We saw off the last of Kansas this morning and entered flat dry farming land of drought plagued eastern Colorado. Signs along the road reminded us that we were, and had been since St Louis, pretty much tracing the route of the original Santa Fe Trail the southern most route by which settlers traveled into the West. This trail brought many settlers to what is today New Mexico and was then Mexican territory and eventually precipitated the Mexican-American war. In the hey day of the trail one of the few outposts of supply and security was Bent Fort, a fortified adobe trading post built by the Bent brothers and a son of a French nobleman a few miles from todays town of La Junta. The fort burned down in 1849 but was rebuilt in the mid 1970's as a historic monument and filled with historic artifacts and is today staffed by Park Rangers and volunteers in period costumes. We spent a pleasant, though hot, few hours there enthralled by the fort structure and the old tools and other implements. An interesting point of trivia was a discussion with one of the staff about the word Arkansas, which of course we all now know to pronounce as Ar-kan-saw. However it seems (or at least we were told) that when the state of Arkansas joined the Union its two Senators differed on their pronunciation of the word. One used the now accepted pronunciation of Ar-kan-saw while the other called his state Ar-kan-sas. Soon after statehood was granted the state legislature adopted the Ar-kan-saw pronunciation as the officially correct form. Just to confuse us foreigners apparently many people from Kansas still call it Ar-kan-sas.

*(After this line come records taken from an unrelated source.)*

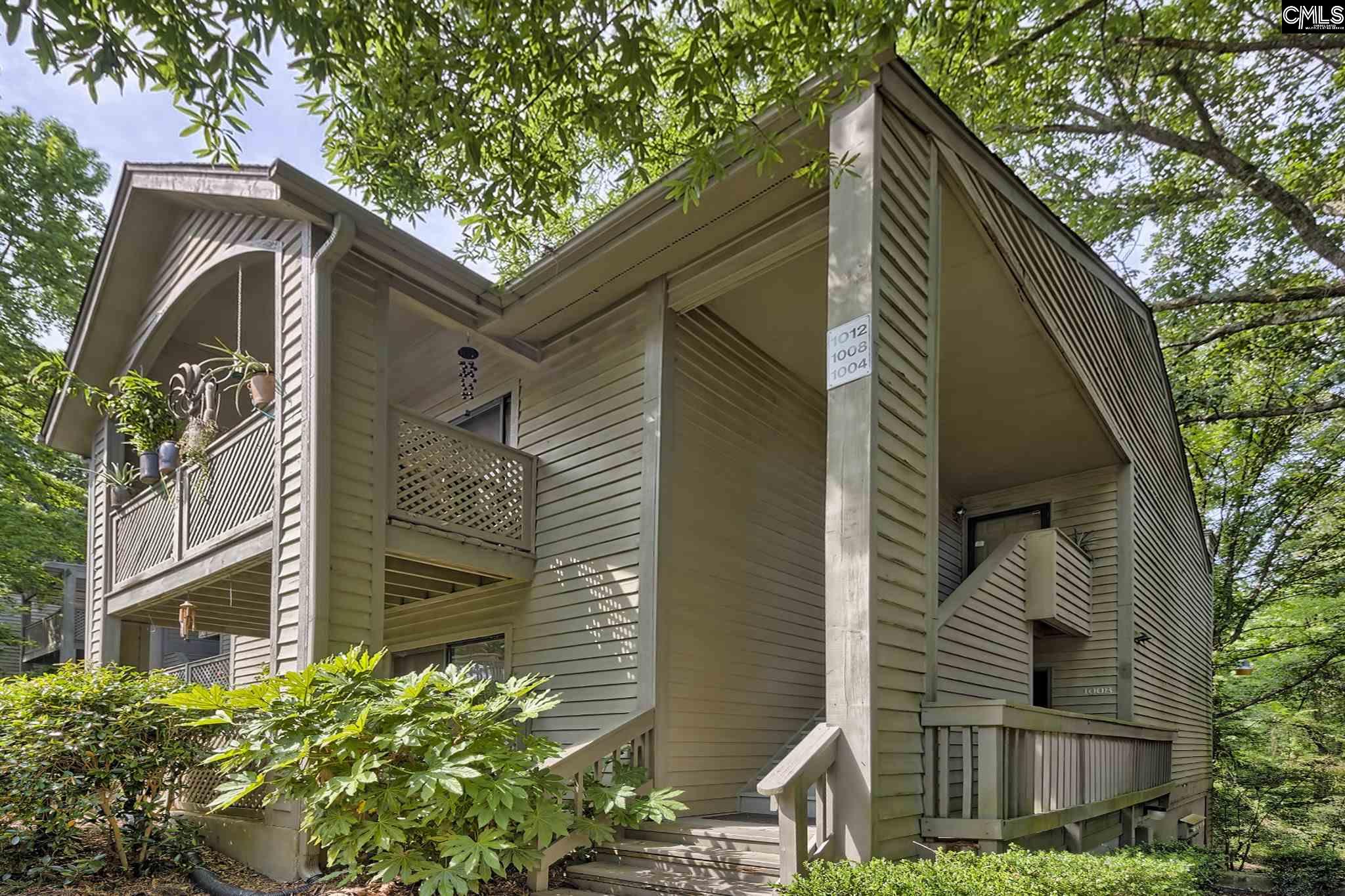 1008 Village Creek Columbia, SC 29210-0712
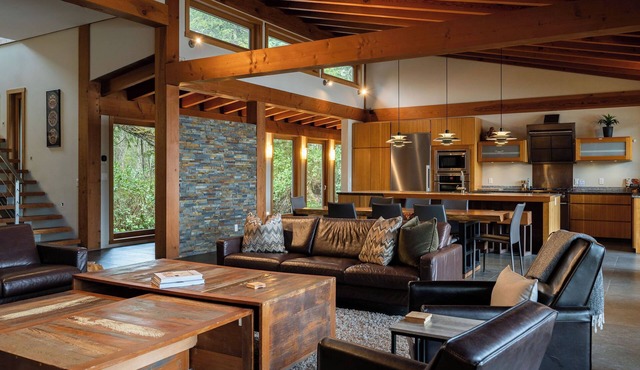 Coastal View-Rated top place to stay on the inlet!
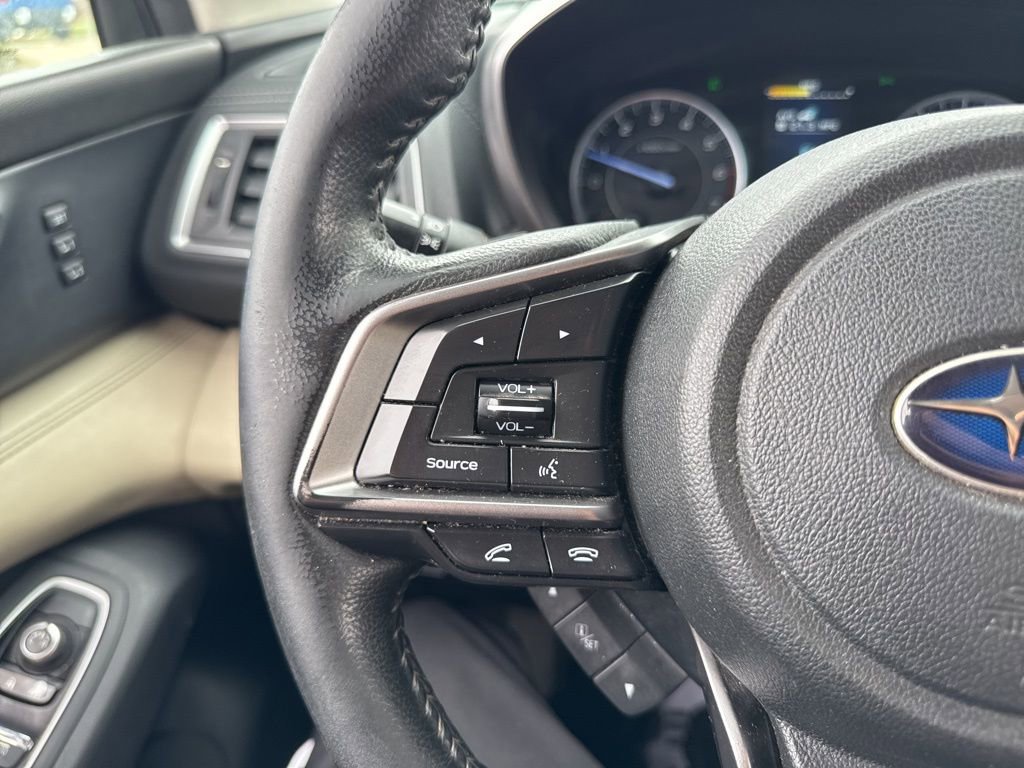 Used 2020 Subaru Ascent Limited w/ Popular Package #2A image 18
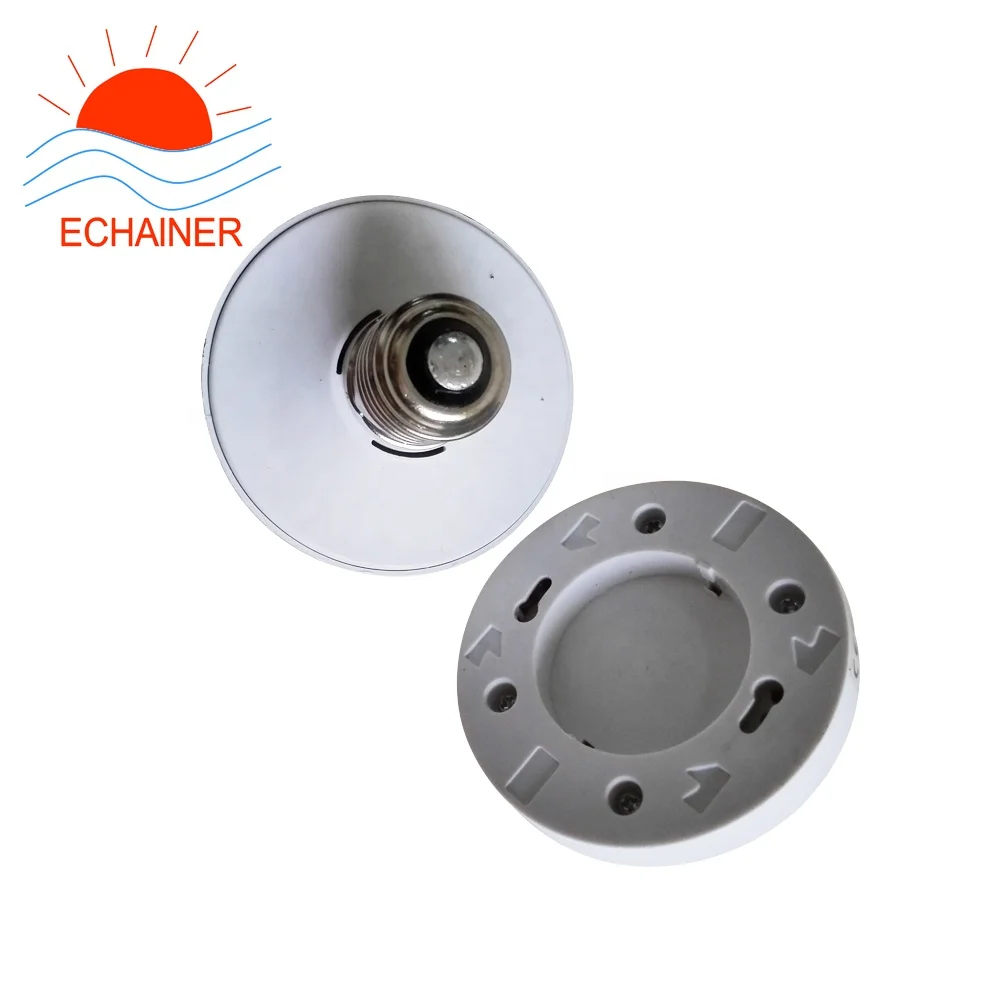 hot sale E27 to GX53 lamp holder socket high quality lamp base screw convertor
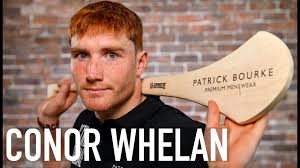 Conor Whelan: "All-Ireland win feels like a lifetime ago"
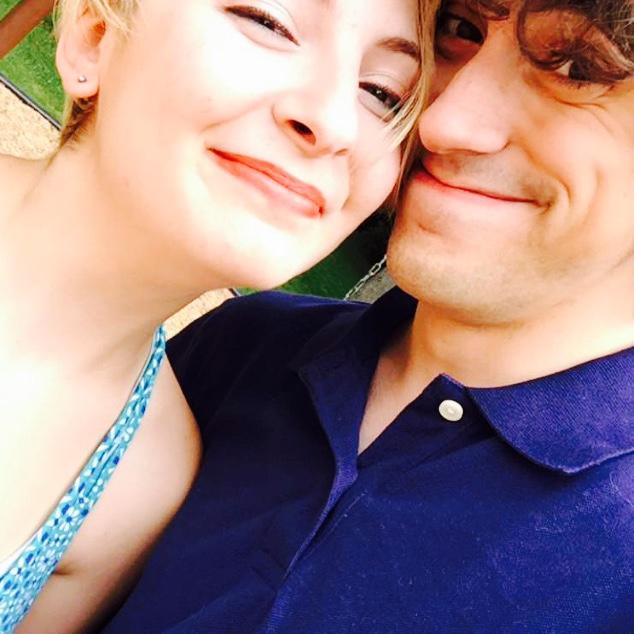 Maya's 18th birthday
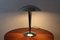 Art Deco Mushroom Table Lamp, 1970s 2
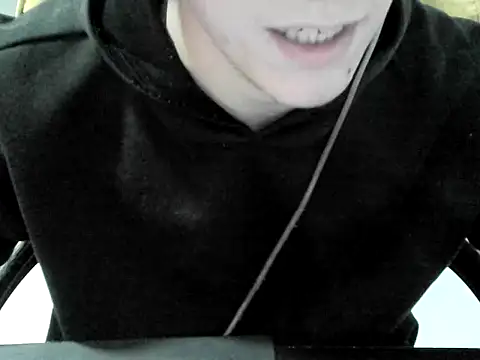 Show de webcam de Satooru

After the fort visit we ventured into La Junta looking for the premises of Terry Lee Enterprises, the name of the business owned and operated by Rob Pickering the Unimog expert we had come to spend a few days with. No address or searching was necessary though as a large sign and a parking lot full of various models of Unimog trucks and a variety of tracked off-road vehicles almost jumped out to meet us.

Edwin, the sole employee on duty when we arrived, got us settled on the workshops parking lot for the night with a key to the shop in case we needed to use the rest rooms. Rob arrived a little later from a trip to Denver and with introductions done we were all primed for the work to start next morning.

PS The observant reader will note that in photo number 2 the steering wheel of the truck is on the wrong side of the cabin. We stopped at a rest area this morning and moved the steering wheel (through the magic of the Unimog Vario-pilot system) just to check that it worked.